Chapter 1
Chapter summary
Sensation and perception involve highly complex neural processes that consume a substantial proportion of the brain's cerebral cortex. Sensations (qualia) are primitive mental states or experiences induced by sensory stimulation. Perceptions are complex, organized, and meaningful experiences of objects or events.
Qualia can be divided into seven distinct sensory modalities. The modalities differ in terms of the physical stimuli that excite them, the neural structures involved in transduction and sensory analysis, and the functions they serve.

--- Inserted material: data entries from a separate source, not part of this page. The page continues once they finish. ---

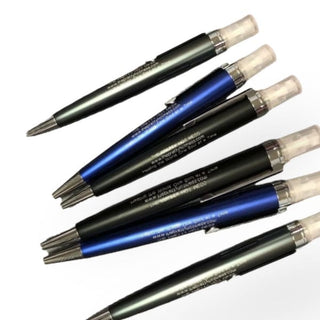 Hand Sanitizer Ink Pen Refillable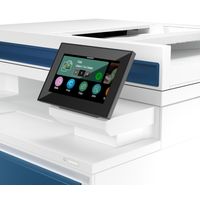 Miniatura 4 de HP Color LaserJet Pro LaserJet Pro 4302fdw Inalámbrico Multifunction Color Impresora, Fotocopiadora, escáner; Dúplex  Laser Wifi Dúplex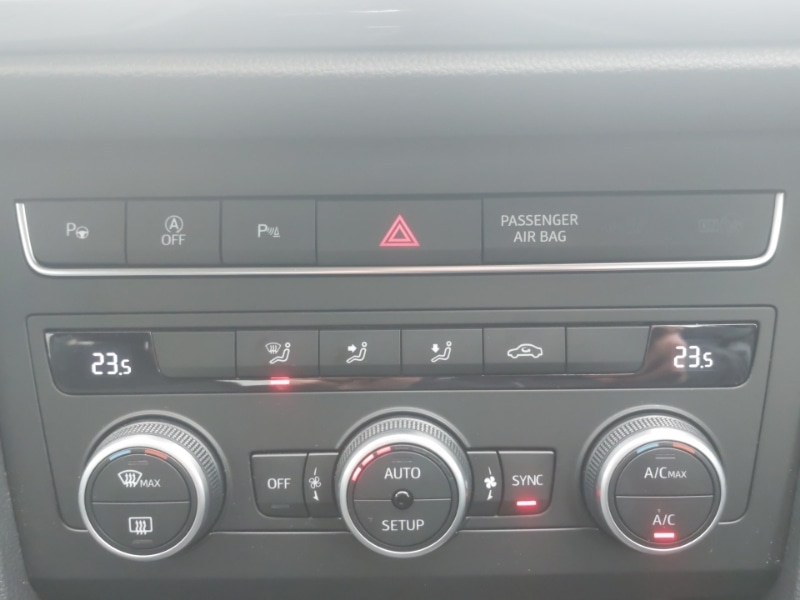 Used SEAT Ateca 2023 for sale - 78211368: Photo 17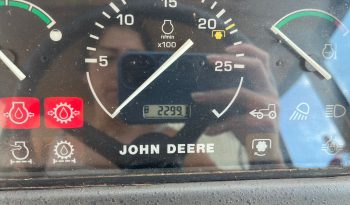 John Deere 6605 4×4 [2002] #a1722 cheio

The three key elements of perception are: stimuli; neural responses; perceptions. Psychophysics studies the relation between stimuli and perceptual experience, whilst neuroscience studies the relation between stimuli and neural responses. Psychophysical linking hypotheses propose specific links between perception and neural responses. Psychophysical methods to study perception were developed by Weber and Fechner in the 1800s.
Cognitive neuroscience studies the parts of the nervous system which are involved in cognition using lesions, clinical case studies, single-unit recordings, neuroimaging, and direct brain stimulation. Computational neuroscience studies the computations performed by the nervous system, and the internal representations they create. The foundations of computational neuroscience were laid by the theories of three mathematicians: Alan Turing, Claude Shannon, and David Marr.